The initial tube-like shape of the vertebrate brain primordium is generated when the flat neural plate folds to form the neural tube. An essential step in this process, termed neurulation, is formation of dorsolateral hinge points (DLHPs). While higher vertebrate DLHP formation is well established, we were the first to show that DLHPs are also formed in teleosts. We showed that the zebrafish zic2a expression pattern predicts the location of future DLHPs (Nyholm et al., 2007) and that zic2a function is required for DLHP formation through regulation of apical actomyosin contraction and of apical junction integrity (Nyholm et al., 2009). Our studies revealed a level of deep conservation of neurulation mechanisms operating in higher and lower vertebrates, since actomyosin contraction is required for DLHP formation in higher vertebrates.
Brain ventricle formation, another key aspect of neural tube morphogenesis, depends on ciliary motility. To interrogate the underlying genetic mechanisms, which are poorly understood, we have targeted two genes with CRISPR-mediated mutagenesis. Our first gene of interest, rsph9, encodes a structural component of ciliary radial spokes found in motile cilia and is causally linked to occurrence of primary ciliary dyskinesia (PCD) in humans. Using CRISPR-generated mutant alleles of rsph9, we demonstrated that Rsph9 protein is required for structural integrity and function of motile cilia in the developing zebrafish brain primordium. Remarkably, structural deficits in zebrafish rsph9 mutants closely resemble those in respiratory epithelia of human PCD patients, suggesting utility of zebrafish for PCD modeling (Sedykh et al., 2016).
Our second gene of interest, rfx4, is a member of a conserved transcription factor gene family with critical roles in ciliogenesis. Analysis of CRISPR-induced rfx4 mutant zebrafish has identified requirements for Rfx4 function in both the ventral (floor plate) and dorsal (roof plate) midlines of the brain primordium. Rfx4 function is required to activate transcription of zic2a and zic2b, among others. Notably, our analysis suggests that Rfx4 does not play a significant role in primary ciliogenesis (Sedykh et al., submitted).

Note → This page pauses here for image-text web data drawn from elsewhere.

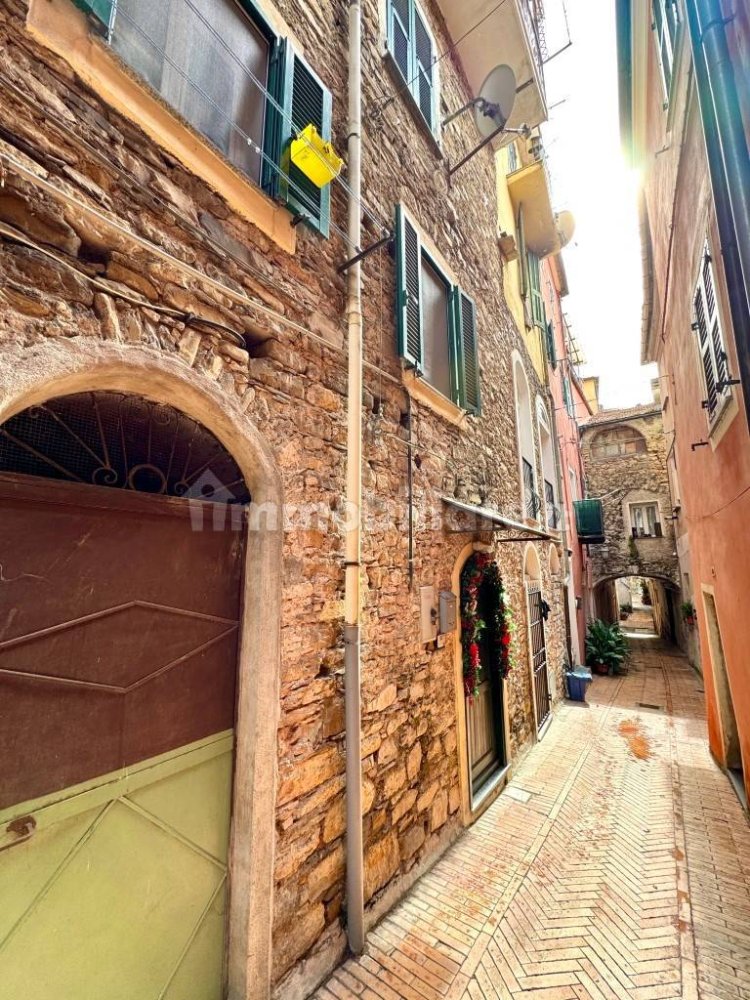 1 غرف نوم شقة في Pontedassio, Italy رقم 39240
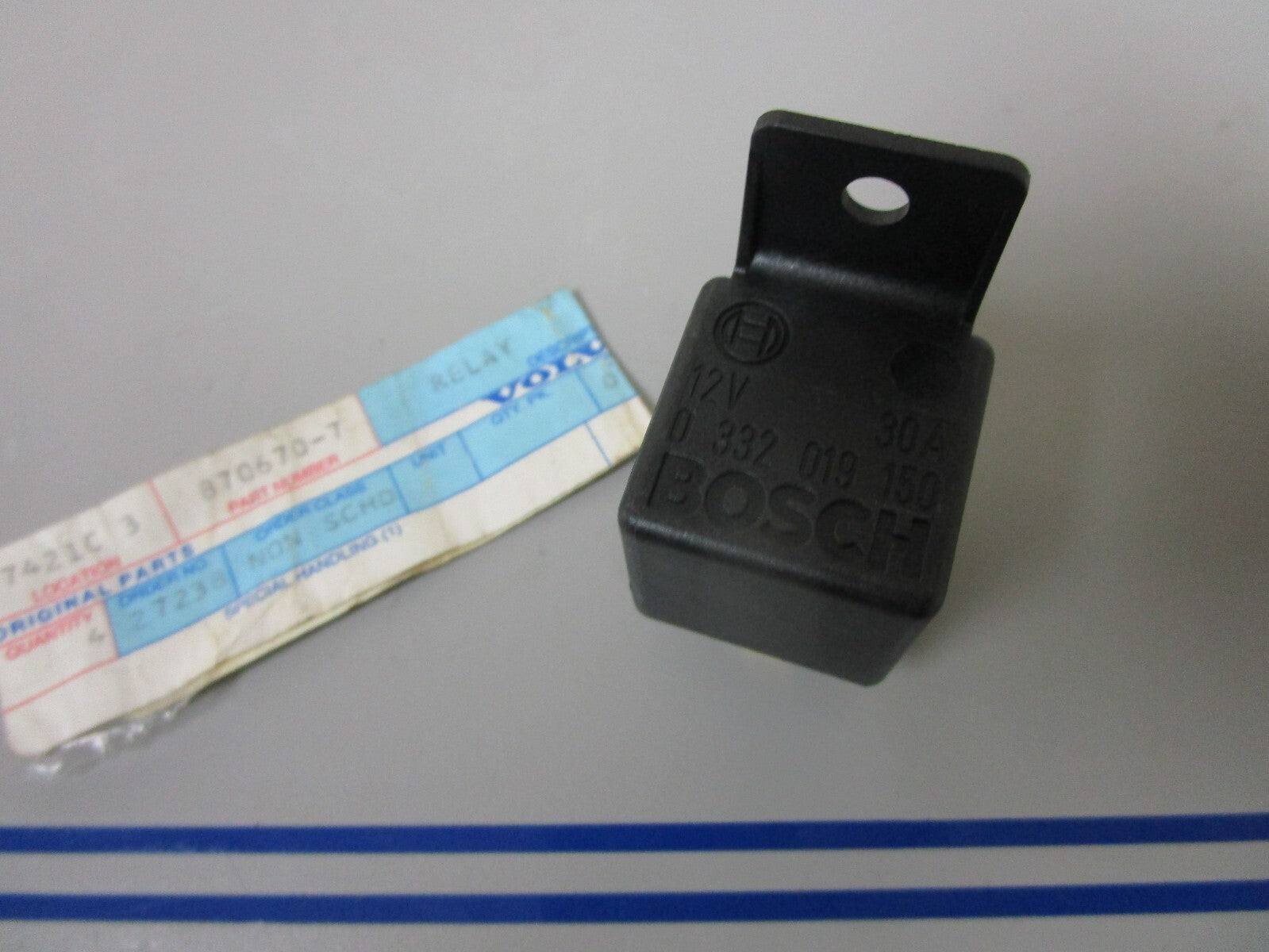 *NEW OEM* 0770 Volvo Penta Relay 870670
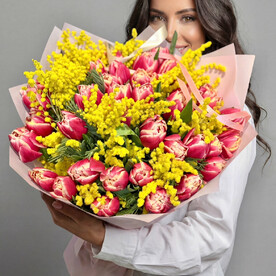 Пионовидные тюльпаны и мимоза в дуэте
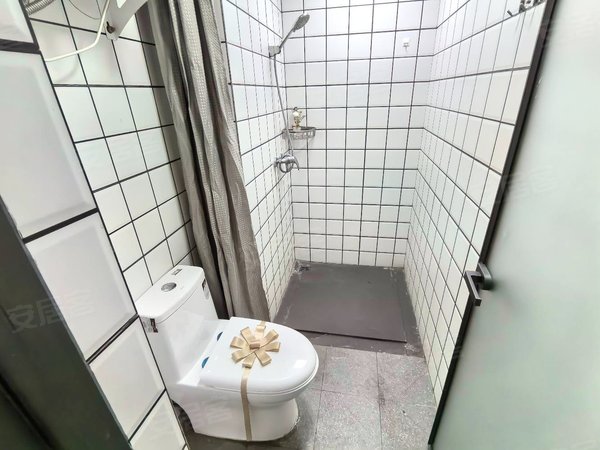 深圳坪山坑梓亚迪三村(房源直租免中介费)百泰大厦,亿道大厦旁,精装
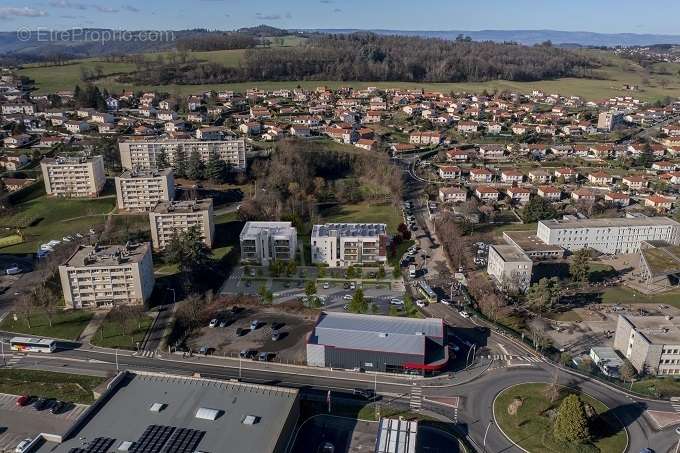 Appartement à ROCHE-LA-MOLIERE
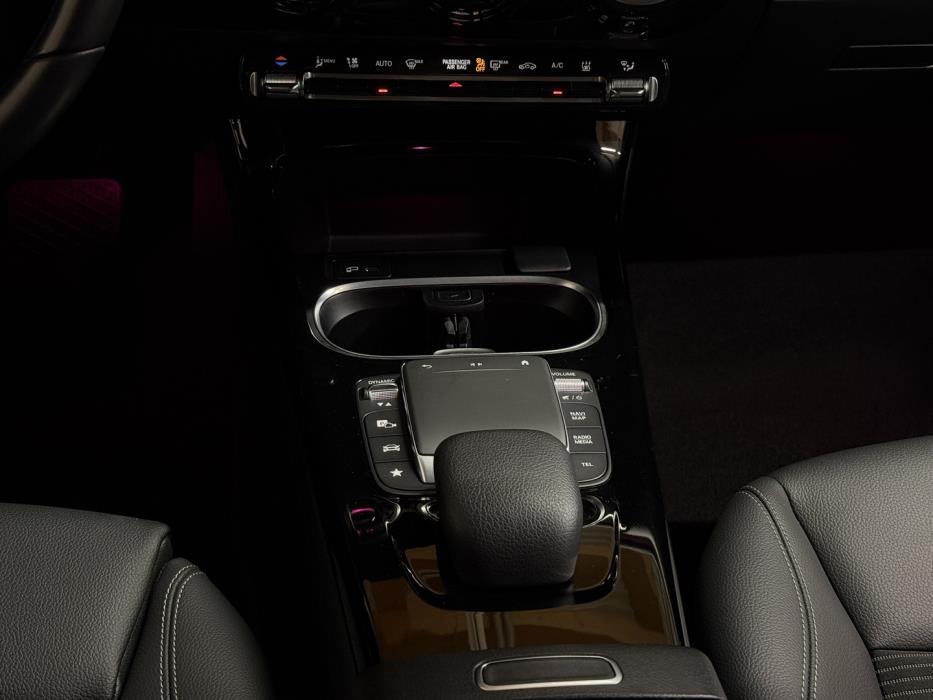 MERCEDES-BENZ CLA 2022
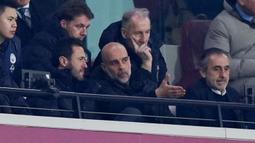 Pep Guardiola tak bisa melatih Manchester City dari bench, karena kena akumulasi kartu. (Bradley Collyer/PA via AP)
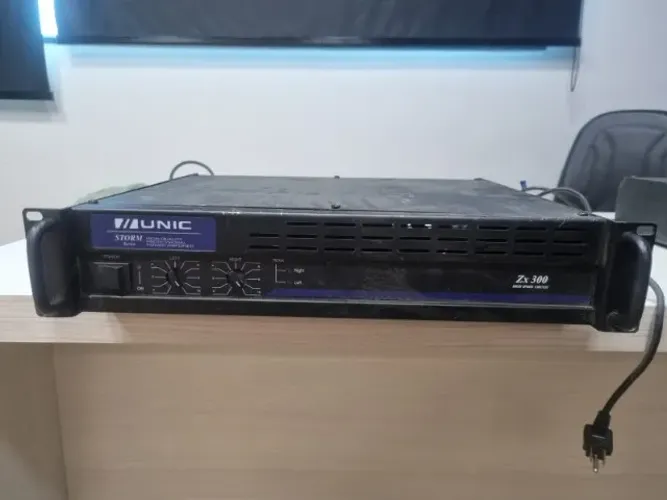Potência Unic - Zx 300 - 4ohms - 300 Watts (Usado)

Zic2, a transcription factor gene essential for normal development of the human forebrain, has two homologs in zebrafish, zic2a and zic2b. We have shown that zic2a and zic2b are required for forebrain development in zebrafish (Sanek and Grinblat, 2008; Sedykh et al., 2017). Using zebrafish as a model organism, we have gained important novel insights into the mechanism of zic2 function the developing forebrain.
We identified a novel negative feedback loop that modulates activity of an essential signaling pathway (Hh) and showed that zic2a function is required for this loop to operate properly (Sanek et al. 2009). We also uncovered a novel role for the Zic2/Hh interaction during retinal morphogenesis (Sanek et al., 2009; Sedykh et al., 2017) and identified roles for zic2a and zic2b in craniofacial skeleton development (TeSlaa et al., 2013; Sedykh et al., 2017). RNAseq-based transcriptome analysis of Zic2 mutant zebrafish has generated a set of candidate transcriptional targets of Zic2; functional analysis of these targets is our current focus.
Ultimately, this work will aid in understanding the complex etiology of birth defects that affect human craniofacial complex development: holoprosencephaly, coloboma and frontonasal dysplasia.